La memoria es otra forma de mirar

Adalberto Henao fue víctima del conflicto armado en Guarne, Antioquia. Por la violencia perdió al sostén de su vida y tuvo que desplazarse, como tantos vecinos de la vereda Yolombal, hacia el casco urbano. Hoy es un protagonista del museo local Raíces de la Memoria, donde cuenta historias de dolor desde un presente en el que siembra esperanza. 

Por Fabián Uribe Betancur* 

En medio de un espacio amplio, con un millar de objetos a su alrededor, está Adalberto Henao. Siente cómo el viento sopla con su calma habitual, acariciando las ramas de los árboles y los arbustos con una delicadeza que solo la naturaleza conoce. Es mediodía, la sensación del aire fresco envuelve el ambiente, brindando un respiro en medio del sofocante sol.  

Adalberto se deja llevar por la serenidad que lo rodea. Cada sonido, cada movimiento del entorno, parece diseñado para transmitir paz. Los aromas de la tierra húmeda y las flores silvestres llenan sus pulmones, intensificando la conexión con ese paraje casi mágico. Las sombras de los árboles juegan en el suelo, crean formas caprichosas que Adalberto percibe a través del cambio en la temperatura del aire y el susurro del viento. Se siente parte de esa danza eterna de la naturaleza. En ese instante, el tiempo se detiene, y él se pierde en la armonía del lugar, abrazado por la belleza simple y pura de su vereda, donde sus sentidos pintan un cuadro tan vívido como cualquier foto.  

Estas son algunas de las sensaciones que percibió Adalberto en su juventud y que hoy recuerda con añoranza, mientras recorre y palpa cada uno de los objetos distribuidos por el Museo Raíces de la Memoria de Guarne, en el Oriente de Antioquia. Allí trabaja como guía y, en sus recorridos, les narra a los visitantes cómo fue el conflicto armado en su municipio y, en algunas ocasiones, cómo este cambió su vida. “En la vereda yo me defendía bien.
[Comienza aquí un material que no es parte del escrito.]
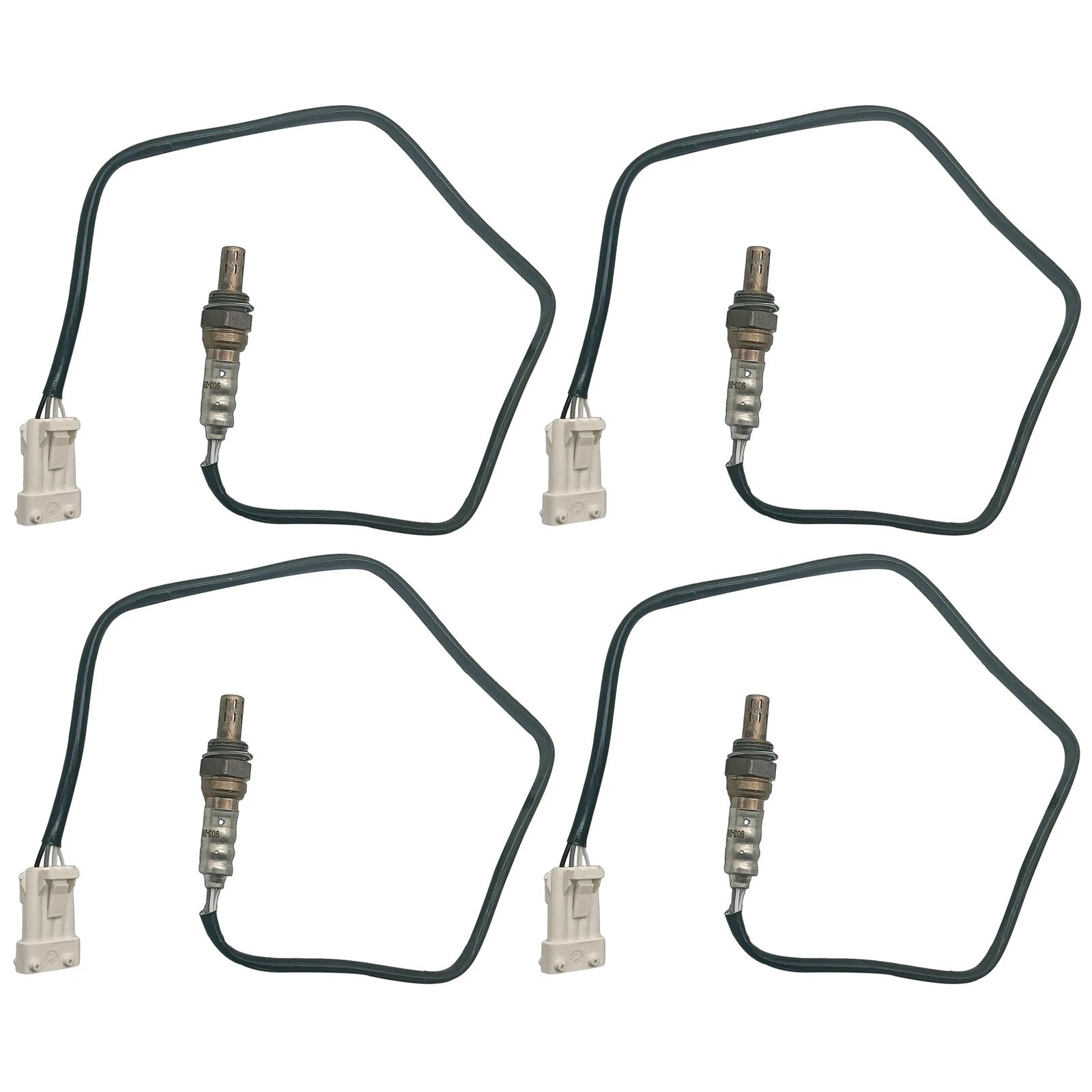 Set of 4 O2 Oxygen Sensors for Porsche 911 (1999–2001) H4 3.4L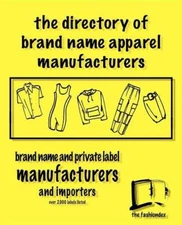 The Directory of Brand Name Apparel Manufacturers - Manufacturers Over 28 - GOOD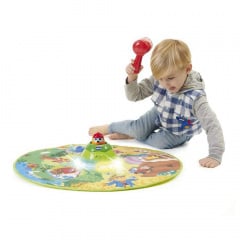 Детский развивающий коврик Chicco Animal Mole 67.5х67.5х8.4 см Разноцветный (KD229638) Киев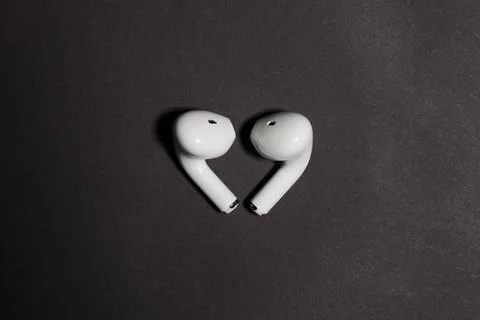 Wireless headphones Foto stock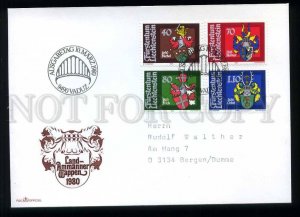 210357 Liechtenstein Coat of Arms of country Ammanner FDC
Por allá no utilizaba bastón, no utilizaba nada. Montaba a caballo, ordeñaba vacas y ayudaba a la familia con las labores del campo”, rememora.  
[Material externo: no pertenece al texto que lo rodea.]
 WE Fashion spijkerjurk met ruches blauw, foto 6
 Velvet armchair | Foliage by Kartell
Adalberto, el menor de nueve hijos de María Lucila Duque y Jesús Henao, nació el 12 de junio de 1979. Su infancia transcurrió en la vereda Yolombal, a cuarenta minutos en chiva del casco urbano de Guarne. Su hogar, una modesta casa de tapias con paredes blancas, ventanas y puertas rojas, y un techo de tejas de barro que lo resguardaba de las inclemencias del tiempo, se alzaba cerca de la carretera. La familia, fiel a las tradiciones de la región, se dedicaba a las labores del campo. 

Cerca de la casa había una pequeña tienda, que pertenecía a la familia, un lugar de abastos que parecía casi un altar a la vida cotidiana de la vereda. Allí, los habitantes se proveían de alimentos y otras necesidades, mientras compartían charlas y risas. “Mi mamá era la encargada de atender el negocio, que ya estaba en funcionamiento mucho antes de que yo naciera. Ella se dedicaba a vender una variedad de productos, desde arroz y papas hasta carne y licor. Recuerdo que, en esa época, el lugar era siempre concurrido, y las ventas eran constantes”, dice. 
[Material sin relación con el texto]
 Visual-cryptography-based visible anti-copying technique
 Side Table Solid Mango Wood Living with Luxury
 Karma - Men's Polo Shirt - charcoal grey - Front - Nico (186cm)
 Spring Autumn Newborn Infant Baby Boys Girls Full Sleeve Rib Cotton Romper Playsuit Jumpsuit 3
El bullicio de aquel lugar y el aroma de la tierra recién labrada creaban una atmósfera de calidez y familiaridad, donde cada encuentro era una pausa en el tiempo, una celebración de la vida rural y de los pequeños placeres que, aunque simples, tejían la esencia de la existencia en este espacio. “En ese entonces, yo tenía ocho años. La vereda era un sitio tranquilo, donde uno podía moverse con libertad y salir a caminar por las trochas. Recuerdo cómo solía acercarme a los caballos para montarlos”. 

Para llamar a los caballos, Adalberto Henao tomaba un tarro viejo, que en sus manos se transformaba en un instrumento de llamado. Hacía sonar ese tarro con un ritmo peculiar, casi mágico, un lamento que parecía arrastrar los ecos de tiempos remotos. Minutos después, los caballos aparecían, atraídos por ese canto familiar. Adalberto se acercaba a ellos con sigilo, como un amante secreto en una danza silenciosa, y, con la destreza de quien conoce cada gesto del ritual, los ensillaba, preparándolos para una nueva jornada en el vasto escenario de su vereda. “Mis hermanos y mi madrina tenían caballos. Aprendí a montarlos por mi cuenta y solía cogerlos solo”. 

Esa era la vida de Adalberto, un mundo tejido de recuerdos y vivencias que lleva en el corazón como un tesoro escondido. Recuerda con cariño las caminatas que realizaba junto a su madre María Lucila, esos paseos lentos y plenos de conversación que se entrelazaban con el zumbido del viento y el canto de las aves.  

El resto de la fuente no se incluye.